寡黙な殺し屋レオンは、パーツごとに見せていくスタイルをとっている。丸いサングラスをかけた目のアップ、口ひげ、牛乳といった印象的な画を短いテンポで映したのち、彼の表情があらわになるのは暗殺シーン。闇に浮かび上がるようにぬるりと顔を出したレオンは、ターゲットの首筋にナイフを押し当てて恫喝し、仕事が終わるとまた闇に消えていく。
ミステリアスな一連のシーンを経て、ようやく全身が確認できるのは、冒頭とは打って変わって平和な日常描写。白いTシャツに胸元が空いた黒のウールコート、ニットキャップに丸いサングラス。ジャン・レノの特徴的な鉤鼻もあって、まるでバンド・デシネから抜け出てきたような独特の風貌に目が釘付けになる。しかも手に持っているのは、牛乳が入った鞄。冒頭の断片的に見せる演出も相まって、一度見たら忘れられない強い印象を植え付ける。
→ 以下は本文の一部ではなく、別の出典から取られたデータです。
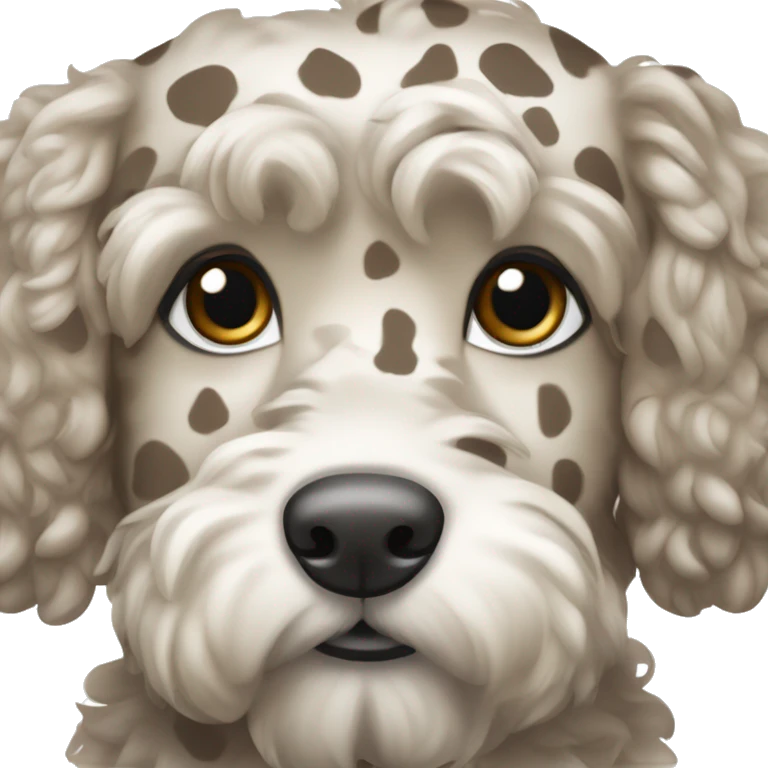 Light brown and grey spotted cockapoo  emoji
彼がアパートの階段を上っていく先で待っているのは、廊下の手すりから足をのぞかせている孤独な少女マチルダだ。黒いチョーカーにボブカット、口にはたばこと少女のイノセントな魅力と、厭世的な色香が混在している。さらに目元には、父親に殴られたあざが浮かんでおり、悲劇性も象徴。2,000人以上の候補者から選ばれ、本作で映画デビューを果たしたナタリー・ポートマンの圧倒的な魅力に打ちのめされるが、彼女の「目」を最初に観客に見せるという引き立たせ方も抜群に上手い。
『レオン 完全版』(c)Photofest / Getty Images
レオンはパーツのアップ、マチルダは柵越しの目と、劇的な演出でキャラクターの初登場を飾り立てている本作だが、ゲイリー・オールドマン扮するスタンスフィールドの初登場シーンは、あえて背後からのショットを選択し、不気味さを醸し出させている。この三者三様の「顔見世」は、キャラクターを観客にインプットさせるうえでも実に有益だ。
ちなみに、振り向いたスタンスフィールドがマチルダの父親(マイケル・バダルコ)のにおいをかぐシーンは、オールドマンのアドリブだったとか。得体のしれない彼の動きに恐怖するバダルコの表情がリアルなのは、本人も予想外だったからだという。スタンスフィールドがベートーベンについて力説するシーンも即興で、オールドマンの表現力には脱帽させられる。
その後、レオンが観葉植物を愛していること、彼がコートを脱ぐと全身に手りゅう弾や銃といった武器を装備していること、マチルダが家族から虐げられて生きていることなどが描かれ、スタンスフィールドがドラッグをキめ、指揮者のように体を動かしながらマチルダの家族を惨殺するシーンでは、彼の異常性がゾクゾクと伝わってくる。
出演陣の熱演に、キャラクターの個性をしっかりと乗せたつくりは、今観ても“キャラもの”のお手本と言いたくなるほどに見事だ。この部分も、本作が時代を経ても新たなファンを増やし続け、映画を問わず多くの後続作品からオマージュをささげられているゆえんの1つだろう。